Now, when I am using OOH downloads, the show will start downloading, but after a few minutes, the screen flips from the "On my Ipad" tab to "on my DVR", and the download pauses.
I flip back, restart, and same thing.

Any idea what is happening?


----------



## moyekj (Jan 24, 2006)

OOH downloads were broken in previous iOS App release. Make sure you update to latest iOS App version since there was an update a couple of days ago.
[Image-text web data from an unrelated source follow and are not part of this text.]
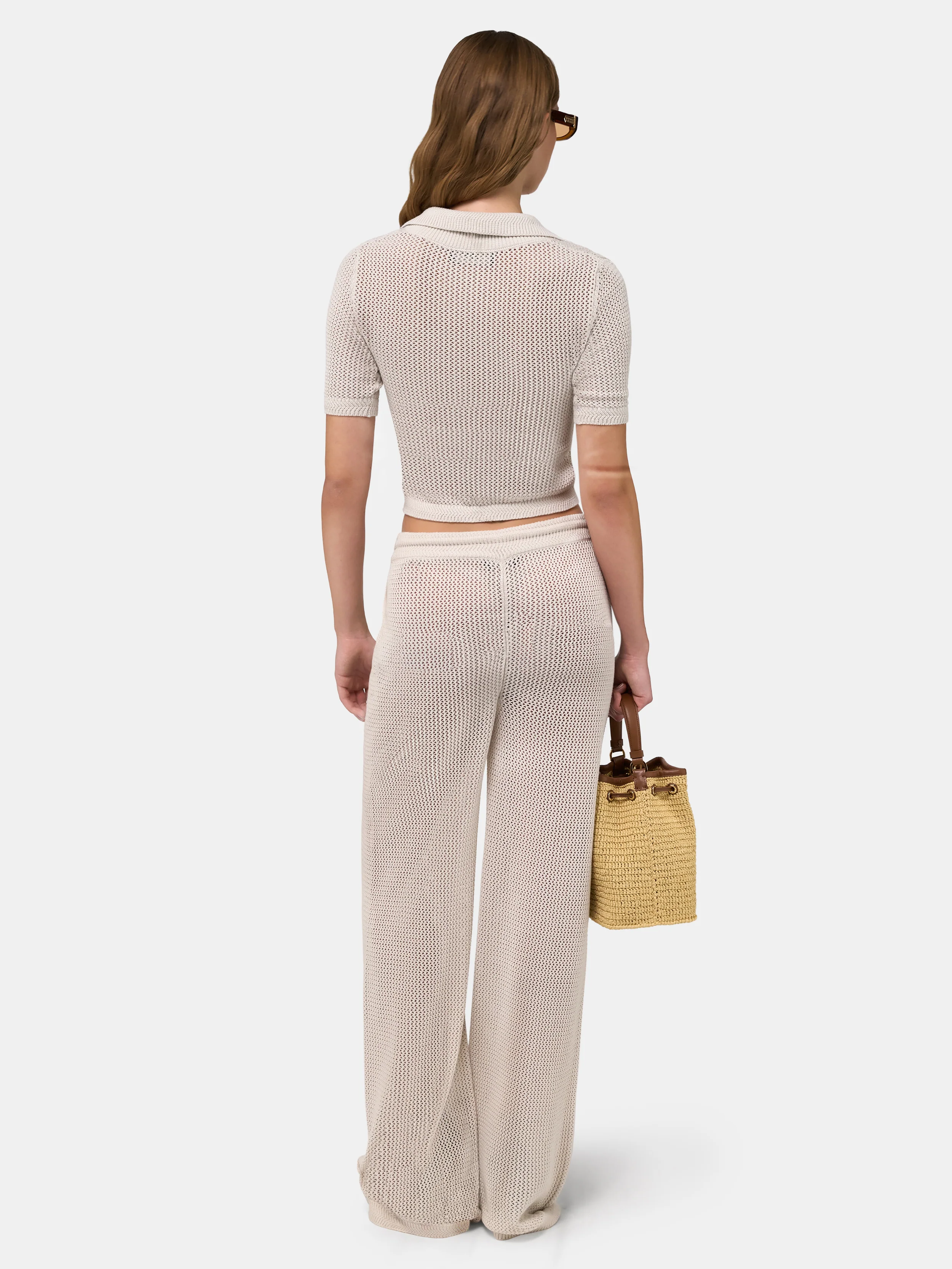 WOMEN - WOMEN'S AMIRI CROCHET MESH PANT - -Alabaster - Image 4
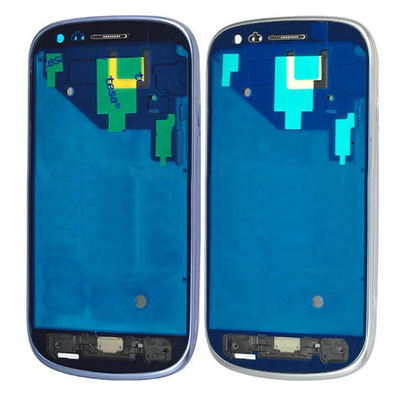 Front Frame for Samsung Galaxy S3 Mini Schwarz / Grün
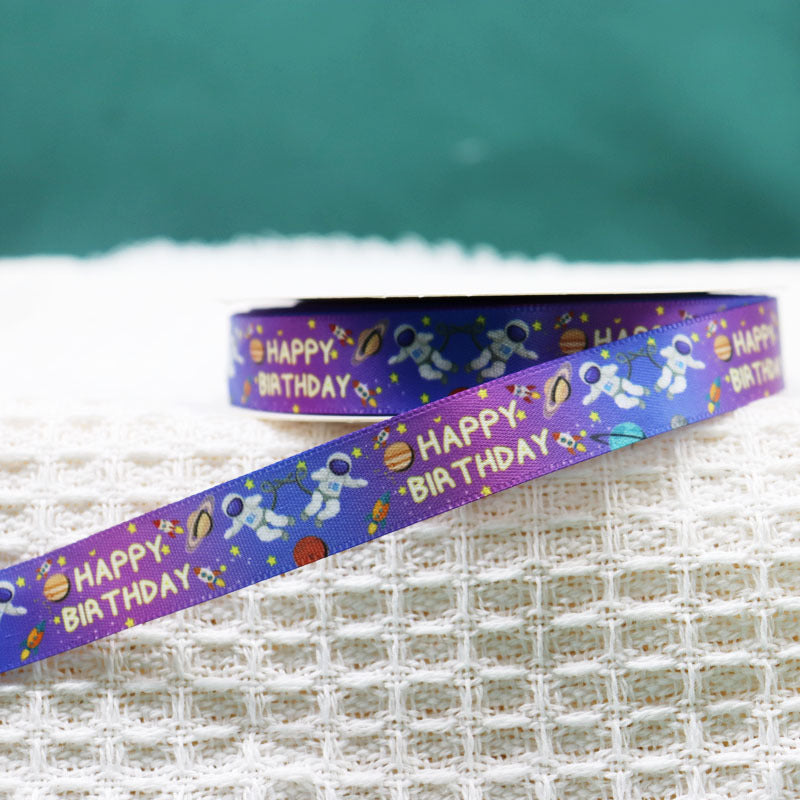 Packing Ribbon Polyester Printing Webbing Bouquet Bandage
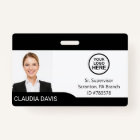 Custom Employee Photo,Name , Logo , Badge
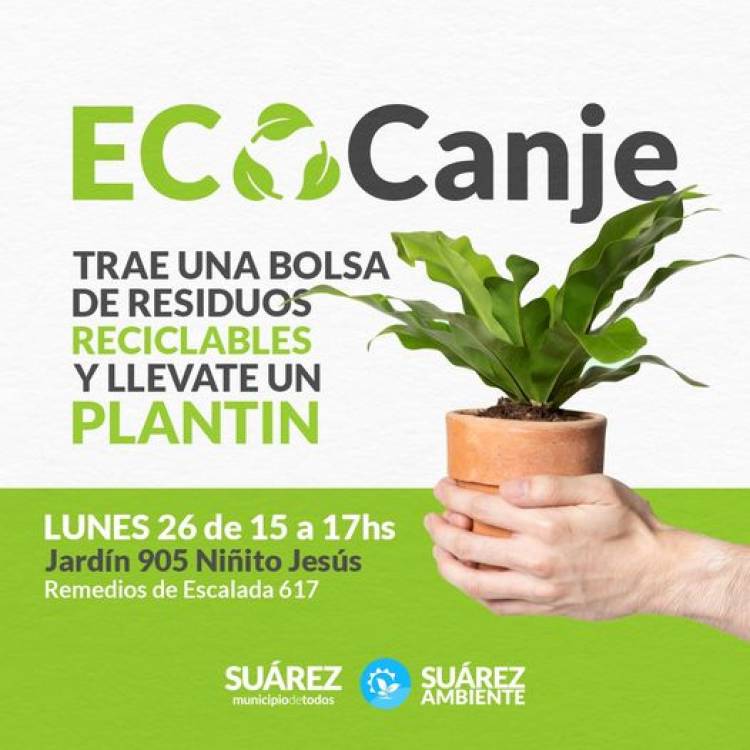 Eco Canje en el Jardín 905 “Niñito Jesús”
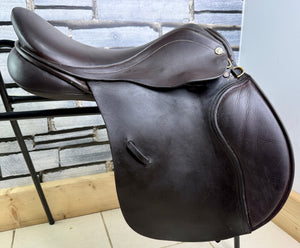 17 1/2” Wide Barnsby GP Saddle - Brown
You will still see "Reconnecting..." message every 5 minutes and the tab switching, but the download now continues instead of being interrupted.


----------



## bellbm (Dec 16, 2003)

Got it to finally download an entire show OOH, but when i go to play it back, it plays for one minute, and then stops.
This is very frustrating and quite the fail on tivo's part


----------



## moyekj (Jan 24, 2006)

bellbm said:


> Got it to finally download an entire show OOH, but when i go to play it back, it plays for one minute, and then stops.
> This is very frustrating and quite the fail on tivo's part


 What quality level was the download? I've had trouble with "Basic" quality downloads freezing during playback so no longer use that quality level for downloads.


----------